By the way, if you don't care about Facebook specifically but still want to be aware of the trend, the last few sentences of the above essay are what you want to know: social networking systems as they're designed right now naturally grow beyond their usefulness and the best solution for a user is to go to a new site and start over. "As more users flock to it, the chances that the person who precipitates your exodus will find you increases. Once that happens, poof, away you go -- and Facebook joins SixDegrees, Friendster and their pals on the scrapheap of net.history." Worth keeping in mind next time you find yourself wondering how many new social networking sites there can possibly be.
Remember a while ago when I was disappointed to read a poor prognosis for the future of flash memory because I was looking forward to flash laptops? Here's a review of a flash notebook basically delivering on the promise of flash memory (except for the price).
NBC to Use TiVo's TV Viewership Data - As usual I don't have any first hand insight into this, in spite of this blog's NBC parentage, but I wonder if having this kind of hard data will change the way TV is programmed. I've always been amazed at how inexact the ratings system is for an industry with so much money at stake. Earlier this month we saw how a changing in ratings assessment methods resulted in a radical restructuring of New York City radio's list of most popular stations.
The time has come to mention the tree man.
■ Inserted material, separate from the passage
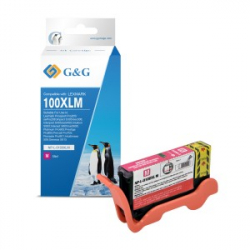 Касета с мастило LEXMARK S305 / 405 / 505 / 605 / PRO 205 / Magenta - 100XL - P№NP-L-0100XLM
I haven't seen any coverage of him in mainstream U.S. media but it's just a matter of time. "Tree Man" has some kind of virus that causes him to be covered in overgrown warts (for lack of a better term) that give the afflicted areas, especially his extremities, the appearance of tree bark. I had dismissed earlier stages of his story as online freak show curiosity but now it seems like every new development gets the viral relay treatment so before he's on the Today show and you haven't heard of him, meet Tree Man.
Speaking of viral phenomena I haven't mentioned yet, I was reading Helen's new piece on watching Web video and her mention of watching Two Girls One Cup video reactions. Recently the reaction of a Kermit the Frog puppet to the video scored high ranking on Digg.
NOTE: If you want to participate in the trend of recording yourself watching the clip for the first time then stop here (finding the very NSFW clip is up to you). The rest of this entry is written in white font so you can't see it against the background (RSS readers may not respect the font color). Drag your mouse over the empty space below to see a description/spoiler of what the video is (and why you probably don't want to play the reaction game).
I'm not going to link to the video as it's arguably grosser than any other gross-out Web item we've seen yet, including goatse and the tub girl. It's not hard to find anyway. What I will do however is give you a straightforward description of what the video shows since every mention I've seen of it uses some coy phrase like "let's just say..." followed by something that does not come close to actually describing it. Two Girls One Cup is: One woman defecates in a drinking glass (the cup) held by the other woman who then sloppily eats the excrement. The two celebrate their soiled state with some messy kissing followed by vomiting in each others mouths.